- [SUPPLIED INFORMATION]:
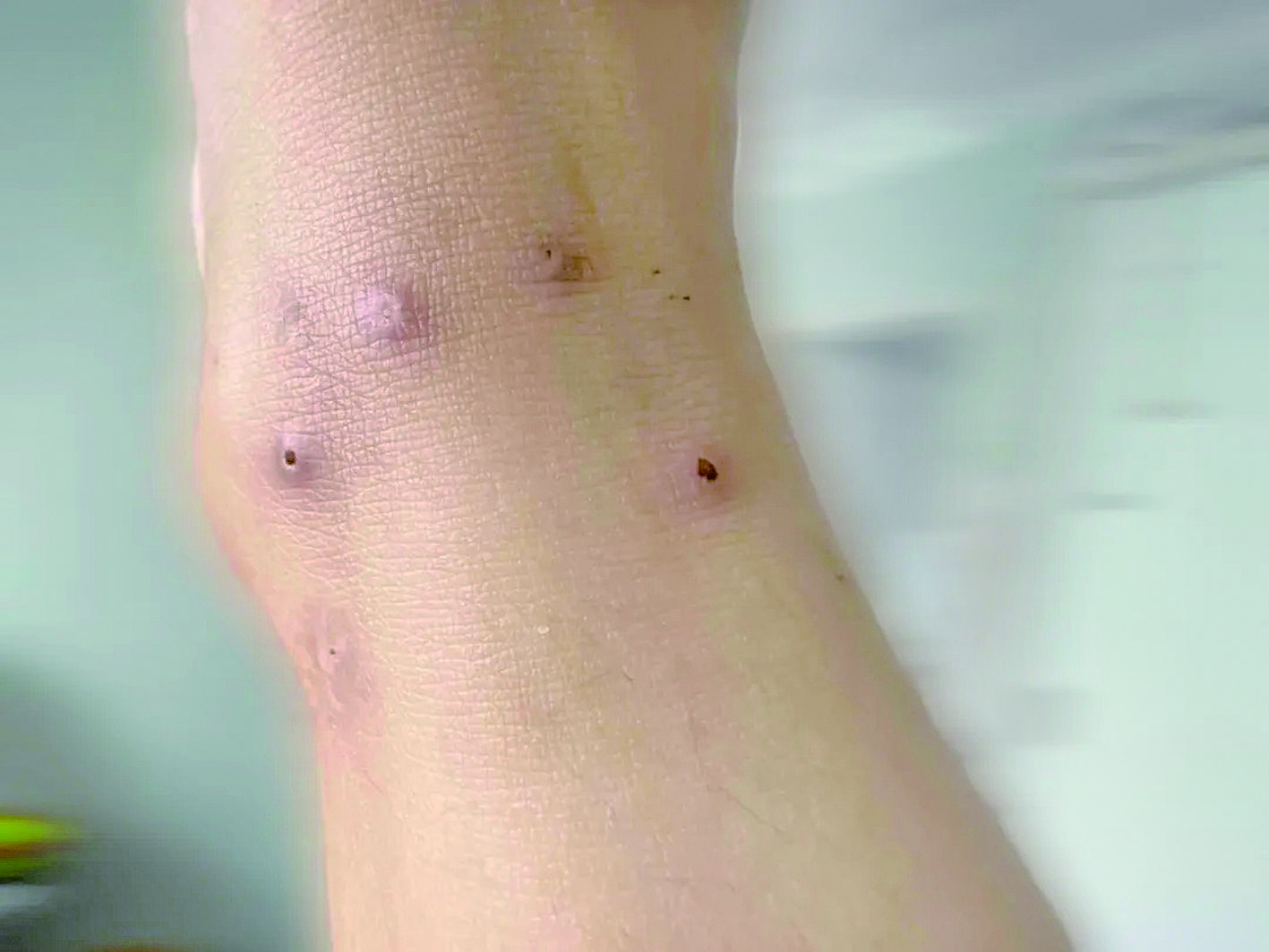 红火蚁已入侵12省份!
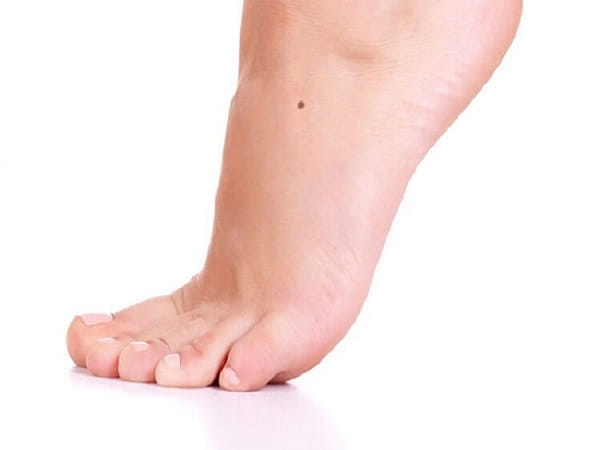 Vị trí bói nốt ruồi ở chân phụ nữ: mu bàn chân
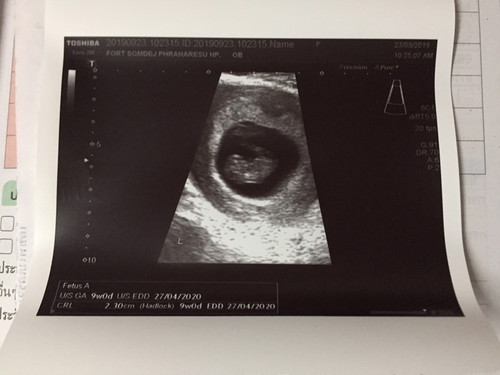 เพิ่งโหลดแอพมา??ลองเล่นดู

- [WORK INSTRUCTIONS]:
Word for word, reproduce all the data, but not the pictures.

- [ANSWER SPACE]:
 红火蚁已入侵12省份!
 Vị trí bói nốt ruồi ở chân phụ nữ: mu bàn chân
 เพิ่งโหลดแอพมา??ลองเล่นดู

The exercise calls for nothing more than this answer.